Beautifully put, Patti! Having been aware differently most of my life, due as much to circumstance as sensitivity, I often feel incapable about my world view, my assessment of the ever-changing (but never enough) landscape, from the personal to the political. And yes, ‘the future we needed didn’t exist yet.’ I’ll never fully recover from watching our hard-won gains dissipate in the late ’70s and ’80s and the diverse defenses we all put up, like boards tacked across an embattled doorway. My wife Susan, a fellow traveler from all the way back, wrote a beautiful play (now on the boards) about hope and despair by doing a gender twist on the Faust myth, the result of her long struggle to keep hope alive. http://lat.ms/2np8DrJ
As Bartky said, ‘[we] are aware that we see the same things differently.’ And how do we manage to retain some semblance of sanity? Thanks for your remarks.

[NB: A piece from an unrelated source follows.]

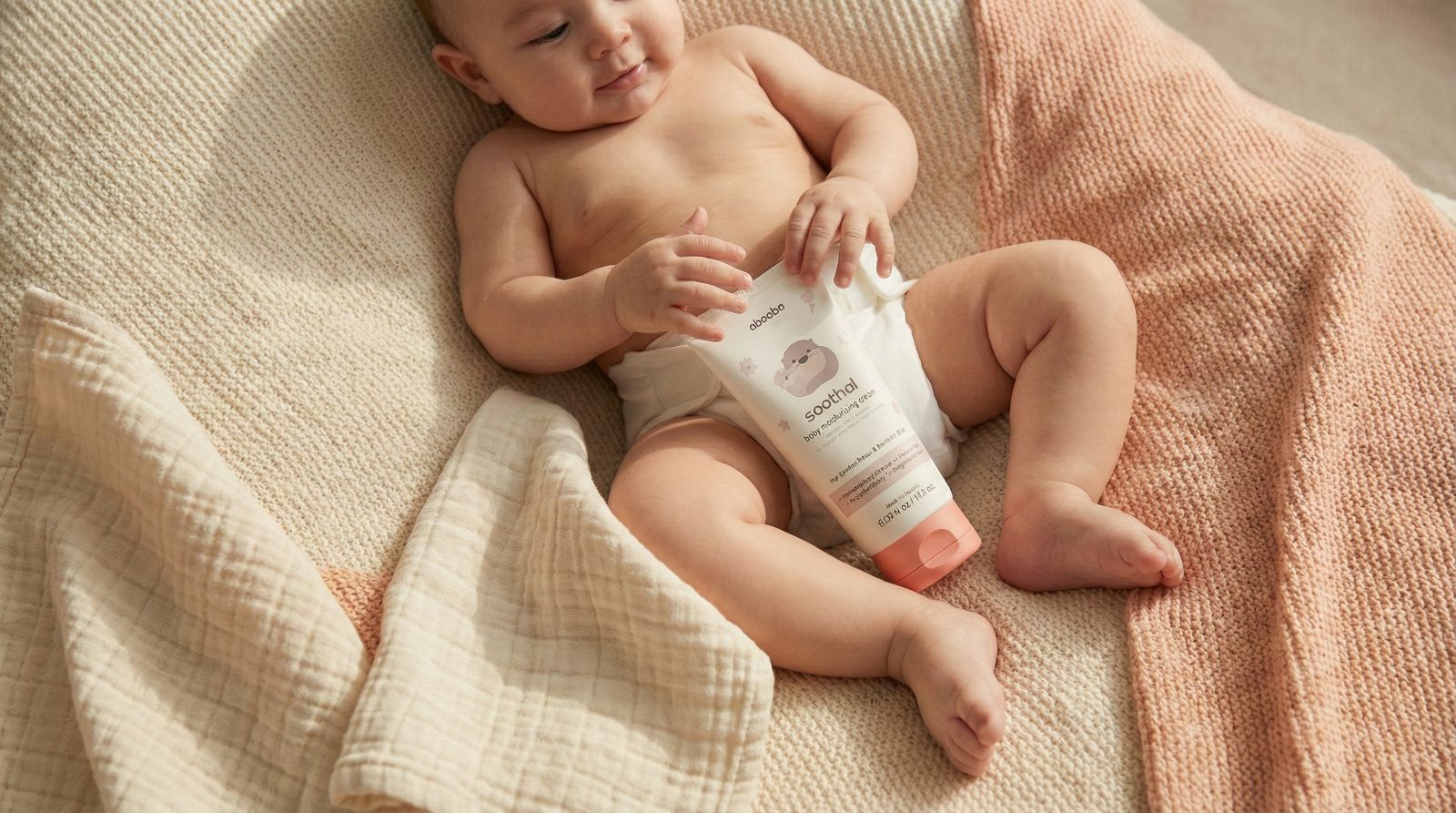 A baby lying on a soft knit blanket holding a tube of SOOTHAL cream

Thought you would be interested in this comment on the Baez poster from Jim Stodder, posted today on the HR71 listserv:
Let me say a few words in defense of the “Girls Say Yes” poster of the Baez sisters. I was one who thrilled to the music of Joan, and that of Mimi and her husband, Richard Fariña. (Richard died the year before we entered HR; Mimi and Pauline are now gone as well.)

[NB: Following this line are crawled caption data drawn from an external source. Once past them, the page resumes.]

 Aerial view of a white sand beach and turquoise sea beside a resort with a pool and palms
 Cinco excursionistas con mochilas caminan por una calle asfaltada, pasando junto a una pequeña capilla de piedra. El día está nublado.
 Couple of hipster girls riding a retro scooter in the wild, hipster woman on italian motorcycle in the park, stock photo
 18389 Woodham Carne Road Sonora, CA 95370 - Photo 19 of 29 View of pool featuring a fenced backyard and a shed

I thought and still think of this as a tasteful and appropriate use of women’s sex power. Why not? That power has been used far more often to send the lads marching off to war. Take it from Aristophanes. The ladies here are seated demurely and hipply in their wide-brim hats.
I will further confess, to no general astonishment, that it was images like this, and more generally the women of the New Left, that ‘recruited’ me to their various causes. A decision I have never regretted. They were and are the most interesting and attractive women around — why look anywhere else?
This is a right-on quik discussion about the poster. Very smart and sweet. And indeed, ‘why look anywhere else?’ for smart and attractive women. I was using the ‘Girls say yes…’and feminism’s response (not a unified position by any means) as an example of how high the stakes were in that newborn press by women to be taken seriously in their resistance to the sexism that continued in the New Left. In spirit and thought, I can understand HR’s position today. But back then, the appropriate use of women’s sex power was up to each woman. Some women chose to call out New Left leader David Harris’ poster and it’s interpretation of women’s power. Who got the final say on approving the poster? Just a brief sign of the times.
Thanks for linking me back to this post. Your descriptions sure brought back those times for me, and indeed it was a time when we were looking at everything with new eyes. Hard to imagine having that cranky like that today. Much has changed, but sadly that feminist perspective struggles to be recognized still.
Thanks for reading, Khati. I got carried away! Beyond the retro call! I’m trying to recapture the contradictions between male power and women’s resistance in those ‘righteous’ times, while we were all trying to reach a common goal. AAnd then came Mao’s little red book and our own peculiar version of the cultural revolution. Yikes!
This is so clear and so accurate and so hopeful. Thank you for understanding without needing constant explanations that sexism is no better than racism or any other diminishing treatment of a specific group. Beautiful job!
Thanks, Susan. I wholeheartedly agree. The link between racism and sexism was part of the awareness that we have all shared and acted upon from the beginning of our movements and was being brought forward as far back as Seneca Falls in 1848… and before.